1918 yıllarında Kırşehir'e bağlı Çıkınağıl köyünde Götsüz Şükrü namında bir eşkıya türemişti. Bir müddet sonra bu köyden kovulan Şükrü, Çadırlı Hacıyusuf köyüne sığınmış, ata eğri bindiği için kendisine götsüz lâkabı takılmıştır.
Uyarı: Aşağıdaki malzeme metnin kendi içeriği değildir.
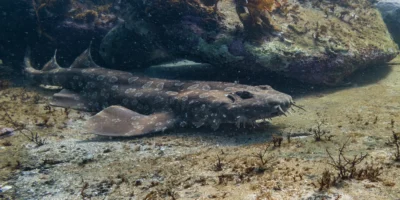 Gevlekte tapijthaai Orectolobus maculatus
Savcılı Dişi Kitli başta olmak üzere, aslen Yağmurlulu olup Sıdıklı'da oturan Abit ve bölgedeki diğer eşkıyalarla işbirliği yapan Şükrü, Arkadaşı Abit'in babasının evine küs giden feriğini kandırıp kaçırır. Olay Abit'e çok dokunur. Fakat tek başına köyü basmayı göze alamaz. Komutana 40 altın verir ve on kişilik müfrezeyle birlikte Abit, Çadırlı Hacıyusuf köyüne gelirler. Muhtar İsmail Çavuş'tan Şükrü'yü isterler. İsmail Çavuş, "Şükrü, hanımını buraya bıraktı, fakat kendisinin nerede olduğunu bilmem." der. Gece, Şükrü müfrezelerin yattığı odayı kurşun yağmuruna tutar. Sabahleyin Abit ile müfrezeler kadını alıp Kırşehir'e gitmek için yola çıkarlar. Abit'in ve müfrezelerin geçeceği Filikli Tepe mevkiinde yola pusu kuran Şükrü, Abit ve müfrezelerle çatışmaya girer. Müfreze çavuşunu öldürdükten sonra mavzerinin namlusundan girdirdiği kurşunla Abit'i yaralayan Şükrü, yaralı Abit'e çok işkence yapar. Hatta ayak tabanlarının derisini yüzdükten sonra öldürür.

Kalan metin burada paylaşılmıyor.